Chez une personne sans cancer, les données disponibles ne montrent pas d’augmentation du risque de cancer après des injections esthétiques d’acide hyaluronique, d’après une méta-analyse de 2023 portant sur plusieurs milliers de cas suivis pendant quinze ans. En revanche, dès qu’un cancer est actif, l’acide hyaluronique mérite une prudence nettement renforcée et une décision partagée avec l’oncologue, notamment parce que des travaux précliniques ont mis en évidence un signal particulier pour le pancréas.
En bref
- Pas de signal épidémiologique de sur-risque de cancer après injections esthétiques chez les personnes saines (méta-analyse 2023, plusieurs milliers de cas, quinze ans).
- Cancer actif : injections esthétiques déconseillées, discussion avec l’oncologue indispensable (prudence renforcée pour le pancréas).

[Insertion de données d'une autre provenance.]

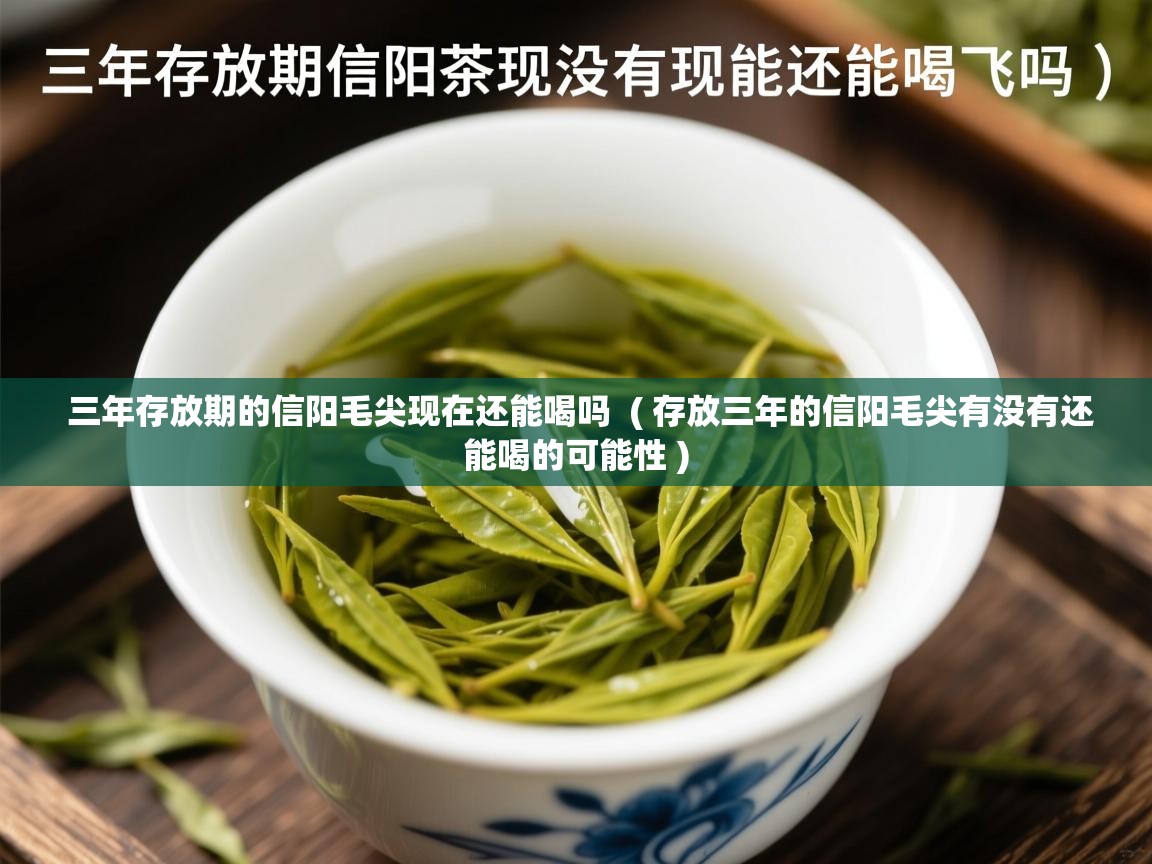 详细阅读: 三年存放期的信阳毛尖现在还能喝吗  ( 存放三年的信阳毛尖有没有还能喝的可能性 )  三年存放期的信阳毛尖现在还能喝吗  ( 存放三年的信阳毛尖有没有还能喝的可能性 )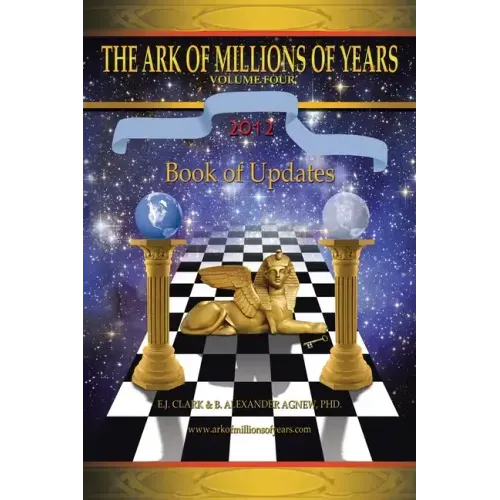The Ark of Millions of Years Volume Four: Book of Updates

- Topique : pas d’étude de cancérogénicité cosmétique rapportée dans les évaluations de sécurité (CIR 2022, rapport 2009).
- Sécurité pratique : exiger traçabilité (marquage CE médical, numéro de lot) et un praticien formé avec hyaluronidase disponible.
Ce que l’on appelle « acide hyaluronique » n’est pas une seule et même chose
Nous parlons souvent de l’acide hyaluronique comme d’un ingrédient unique, alors qu’il s’agit d’un hyaluronan, composant naturel de la matrice extracellulaire, décliné en usages très différents. On le retrouve dans des soins topiques (cosmétiques), des gels injectables (fillers en esthétique ou en reconstruction), des gels vaginaux, des compléments oraux, mais aussi comme support dans des systèmes de délivrance de traitements anticancéreux (nanoparticules, conjugués).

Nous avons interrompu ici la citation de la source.